ABOUT THIS TASK:
Print all of the records. Exclude the images.

EXERCISE DATA:
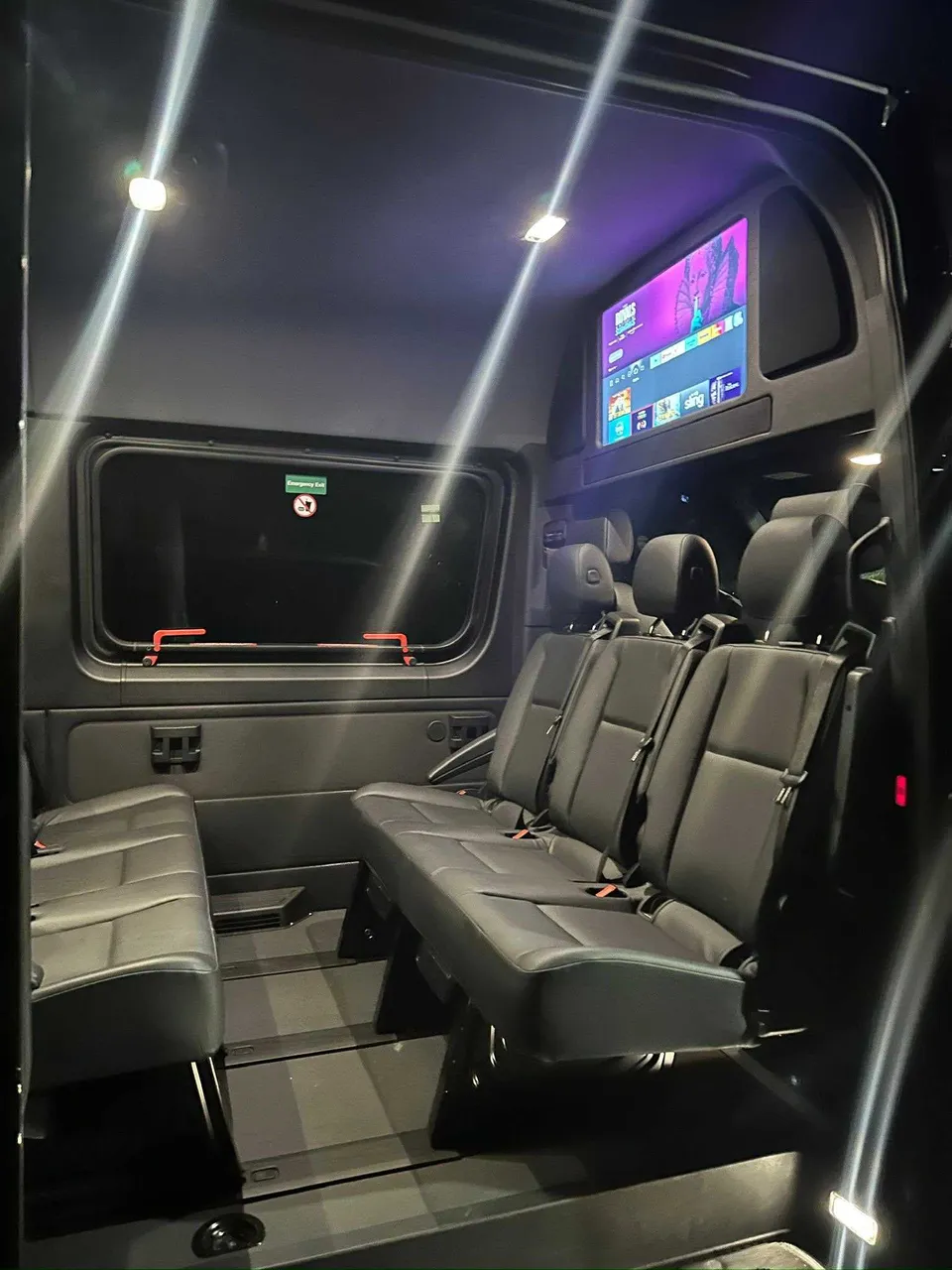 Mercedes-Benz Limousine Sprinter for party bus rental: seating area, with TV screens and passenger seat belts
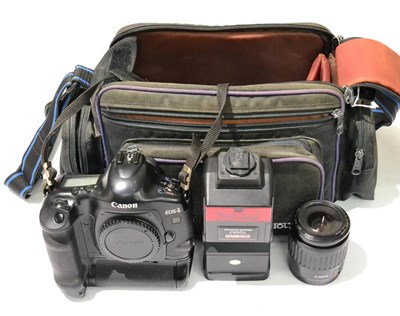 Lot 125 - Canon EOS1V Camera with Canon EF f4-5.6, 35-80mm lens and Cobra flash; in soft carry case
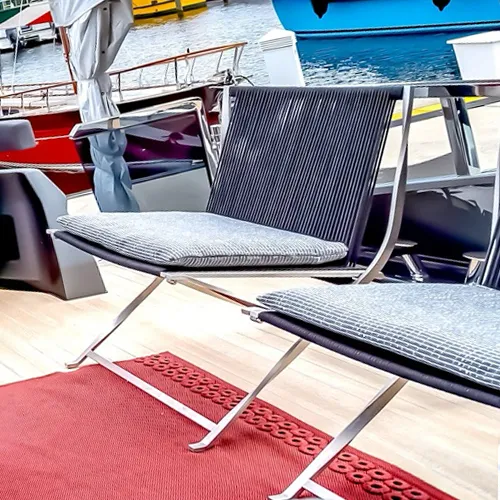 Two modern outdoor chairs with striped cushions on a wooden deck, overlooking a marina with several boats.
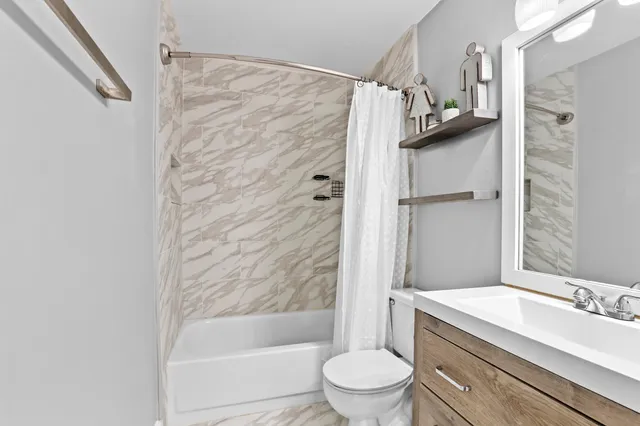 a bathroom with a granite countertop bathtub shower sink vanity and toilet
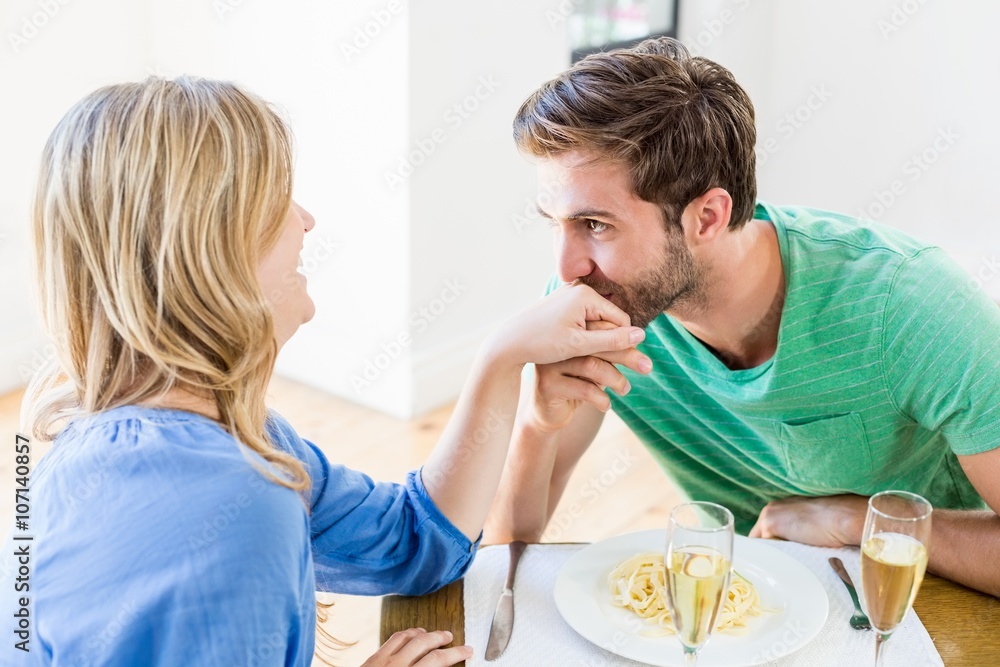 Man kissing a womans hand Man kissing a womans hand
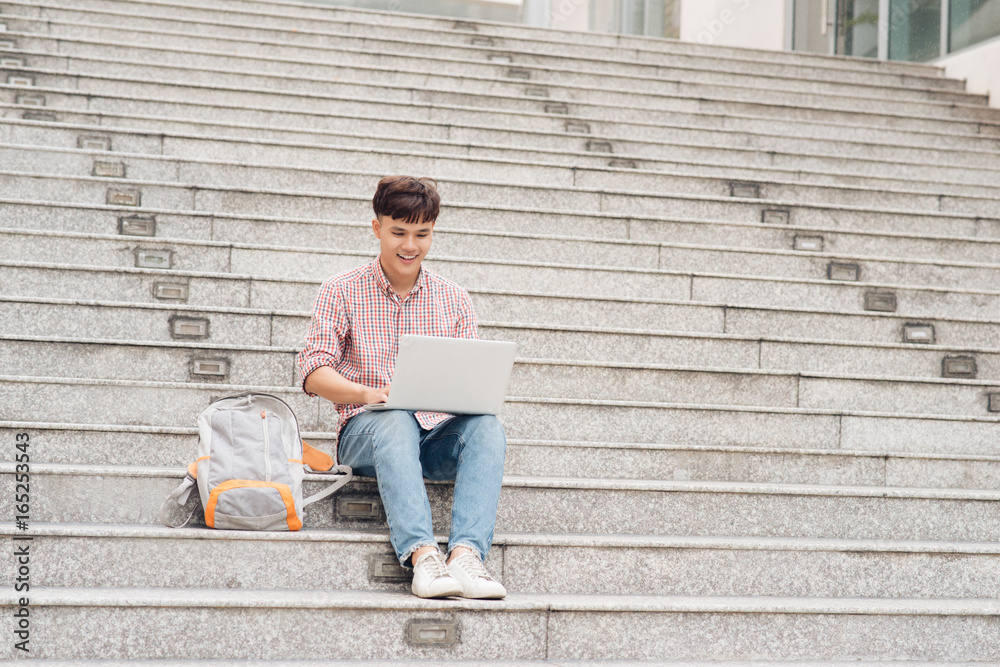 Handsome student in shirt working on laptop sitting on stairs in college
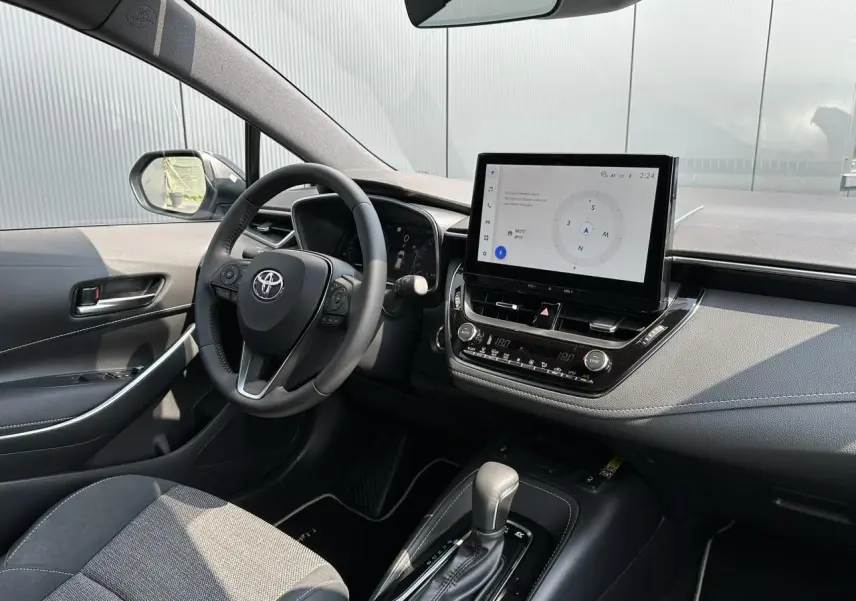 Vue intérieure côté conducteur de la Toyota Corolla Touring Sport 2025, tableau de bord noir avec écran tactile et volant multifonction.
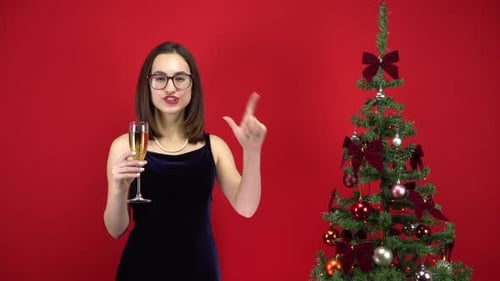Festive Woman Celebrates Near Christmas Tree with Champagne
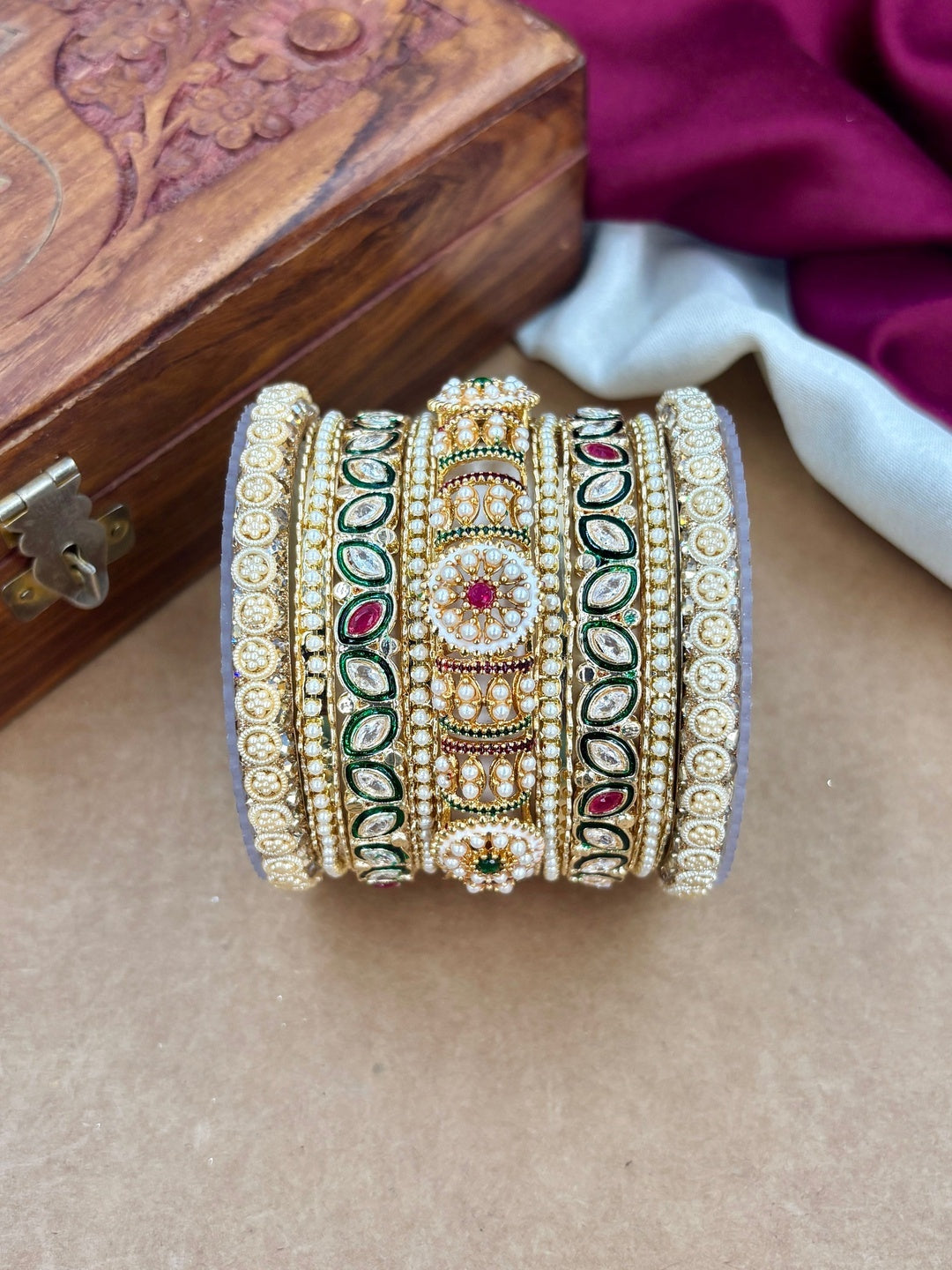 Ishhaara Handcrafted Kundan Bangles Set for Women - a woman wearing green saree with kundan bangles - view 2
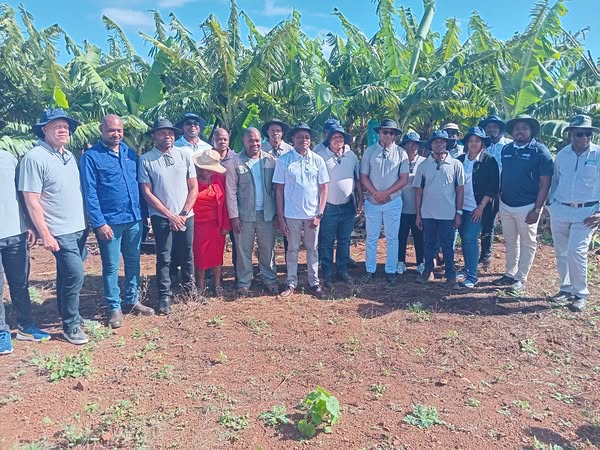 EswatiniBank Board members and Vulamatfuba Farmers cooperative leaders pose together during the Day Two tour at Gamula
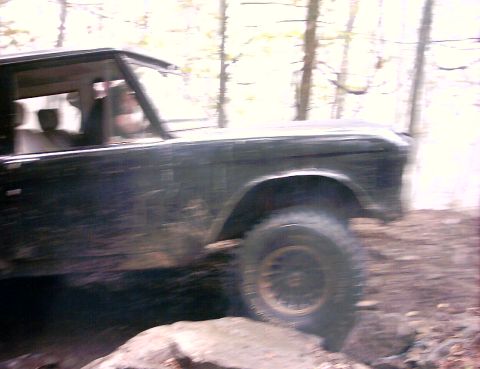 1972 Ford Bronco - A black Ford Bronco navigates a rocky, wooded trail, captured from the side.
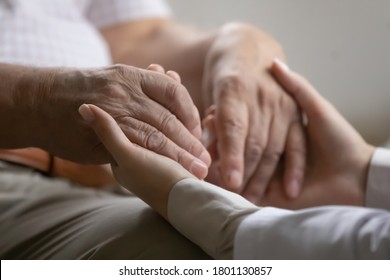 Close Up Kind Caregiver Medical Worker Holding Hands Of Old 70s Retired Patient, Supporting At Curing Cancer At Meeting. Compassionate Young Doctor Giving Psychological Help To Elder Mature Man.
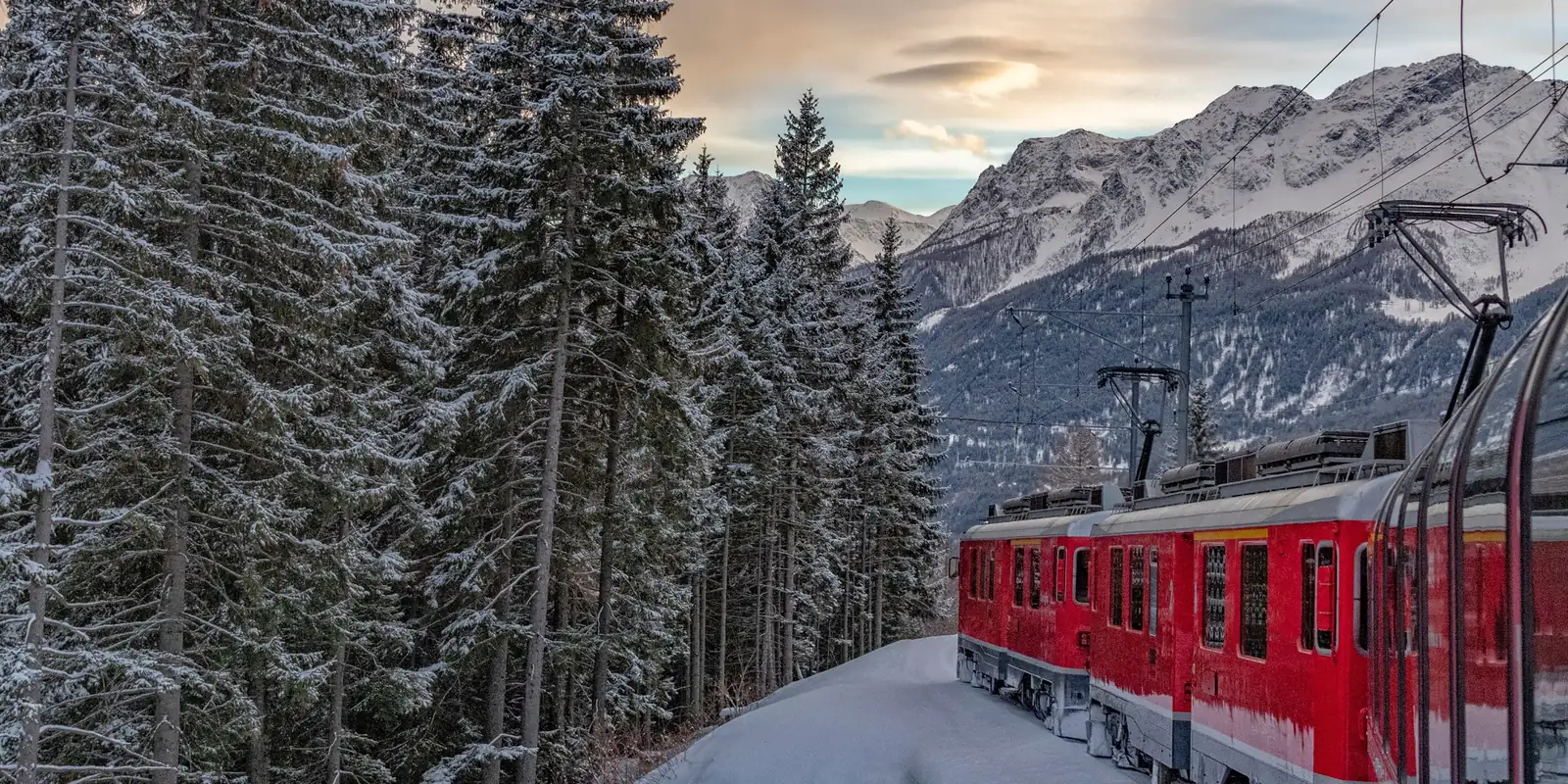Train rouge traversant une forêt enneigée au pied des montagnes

ANSWER SECTION:
 Mercedes-Benz Limousine Sprinter for party bus rental: seating area, with TV screens and passenger seat belts
 Lot 125 - Canon EOS1V Camera with Canon EF f4-5.6, 35-80mm lens and Cobra flash; in soft carry case
 Two modern outdoor chairs with striped cushions on a wooden deck, overlooking a marina with several boats.
 a bathroom with a granite countertop bathtub shower sink vanity and toilet
 Man kissing a womans hand Man kissing a womans hand
 Handsome student in shirt working on laptop sitting on stairs in college
 Vue intérieure côté conducteur de la Toyota Corolla Touring Sport 2025, tableau de bord noir avec écran tactile et volant multifonction.
Festive Woman Celebrates Near Christmas Tree with Champagne
 Ishhaara Handcrafted Kundan Bangles Set for Women - a woman wearing green saree with kundan bangles - view 2
 EswatiniBank Board members and Vulamatfuba Farmers cooperative leaders pose together during the Day Two tour at Gamula
 1972 Ford Bronco - A black Ford Bronco navigates a rocky, wooded trail, captured from the side.
 Close Up Kind Caregiver Medical Worker Holding Hands Of Old 70s Retired Patient, Supporting At Curing Cancer At Meeting. Compassionate Young Doctor Giving Psychological Help To Elder Mature Man.
Train rouge traversant une forêt enneigée au pied des montagnes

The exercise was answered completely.